3. il conflitto di fondo: città della rendita o città dei cittadini
Dalla definizione della città come habitat dell’uomo, e peso che ha nelle sue trasformazioni l’appropriazione privata della rendita, nasce il conflitto di fondo che caratterizza la città. Occorre domandarsi se le sue trasformazioni (fisiche, funzionali, proprietarie, fruitive) devono essere dominate dalla logica dell’accrescimento dei benefici economici ottenibili attraverso la loro privatizzazione, oppure da quella del suo miglioramento qualitativo in relazione ai bisogni della società che la abita?
4. Che cosa deve essere la “città dei cittadini?
Se vogliamo combattere davvero la città della rendita non possiamo fermarci agli slogan: dobbiamo raccontare che cosa vogliamo nel concreto. Dobbiamo esprimere un’ immagine chiara di ciò che vogliamo. Proviamo subito a farlo, ma rendiamoci subito conto che il nostro racconto sarà parziale: sappiamo quello che vorrebbero le persone che hanno avuto modo di esprimere le loro esigenze, non sappiamo che cosa vogliono i giovani di oggi, e gli abitanti di domani e come dobbiamo comporre queste esigenze con quelle già note. Proviamo a elencare alcuni requisiti, già emersi nelle esperienze degli adulti e degli anziani, delle donne e dei bambini, degli operai e degli impiegati.
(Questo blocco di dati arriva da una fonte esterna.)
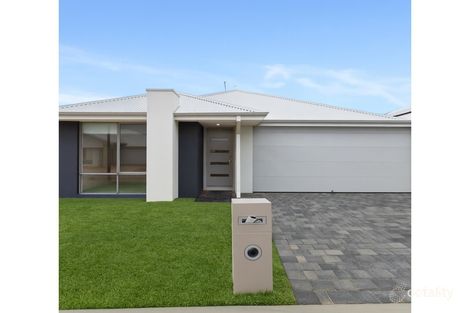 Property photo of 8 Kiama View Alkimos WA 6038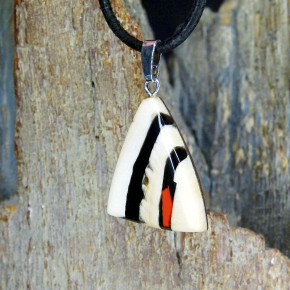 kleiner Anhänger mit Koralle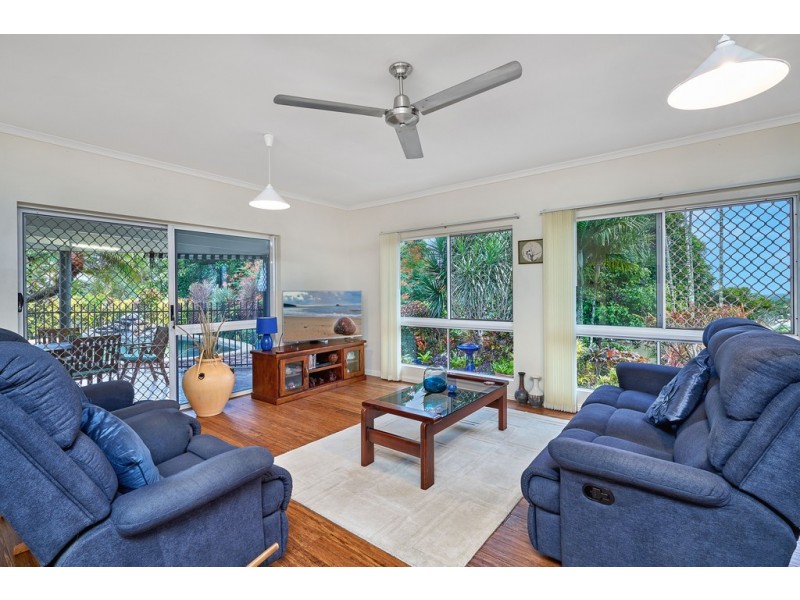 38 Summer Hill Drive, Mooroobool QLD 4870
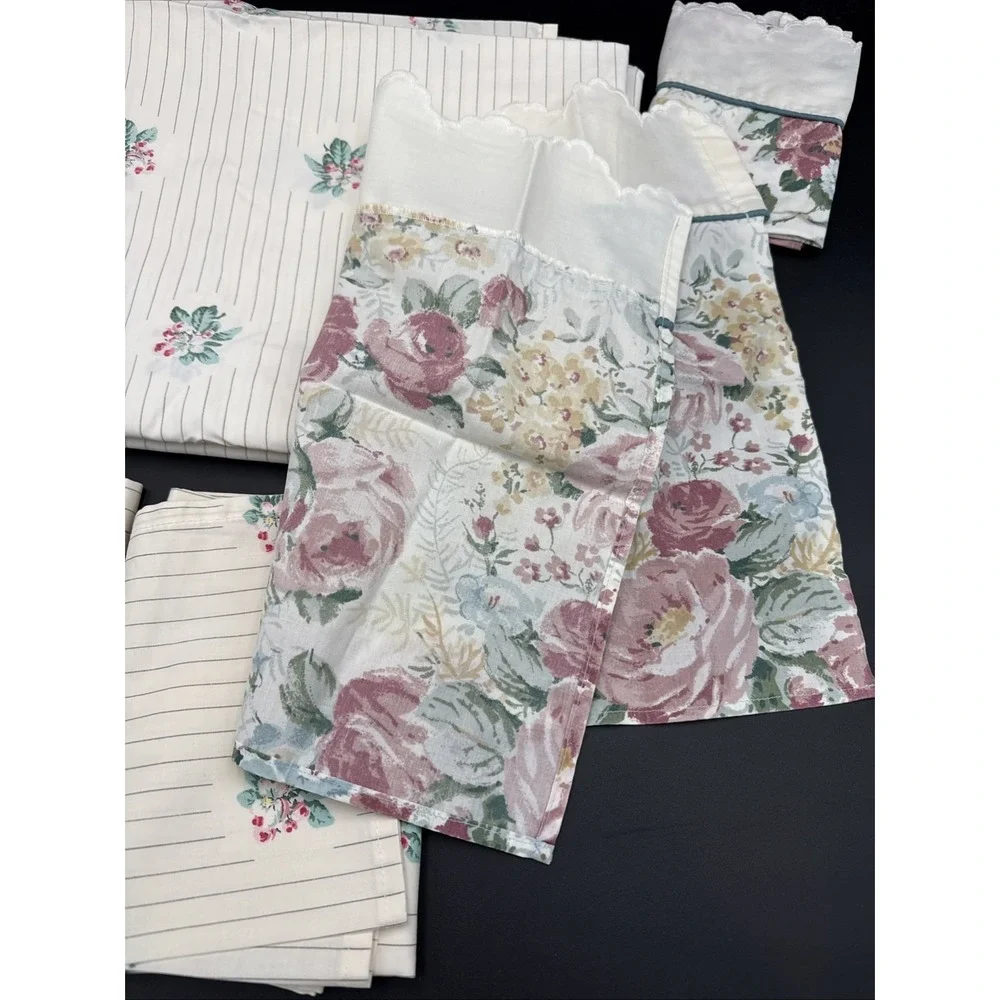 Vintage Tablecloth Repurposed From Twin Sheet, Napkins, Floral Roses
Una città bella perché equa: una città in cui siano presenti tutti i luoghi e i servizi necessari al di là dell’uscio della propria abitazione, distribuiti sul territorio in modo che siano raggiungibili da tutti quale che sia il loro reddito. Una città nella quale , accanto alle aree trasformate e rese artificiali c’è la maggiore quantità possibile di suolo naturale per mantenere l’adeguato approvvigionamento di acqua, cibo, e contatto con la natura. Una città senza barriere né recinti, fisici o sociali che siano: che faciliti le relazioni tra le persone e i gruppi sociali diversi, in cui l’identità delle singole parti non cancelli né impedisca il colloquio tra le diversità, e anzi lo stimoli. una città che consenta agli esseri umani di mantenersi in salute, facendo fronte all’inquinamento sempre più grave e a una produzione di cibo, la cui qualità oggidipende dal quanto ciascunopuò spendere. Una città che consenta agli altri essere viventi, animali e piante, di vivere in armonia con gli umani. Una città capace di razionalizzare la propria produzione di merci per tornare a dare alle merci un valore d’uso più che di scambio e consentire una riduzione degli sprechi e dei rifiuti. Una città capace di decidere del proprio futuro attraverso la pace e il dialogo, seppure lungo e strenuante, e aperta alla collaborazione e cooperazione con i territori vicini e non in competizione con essi.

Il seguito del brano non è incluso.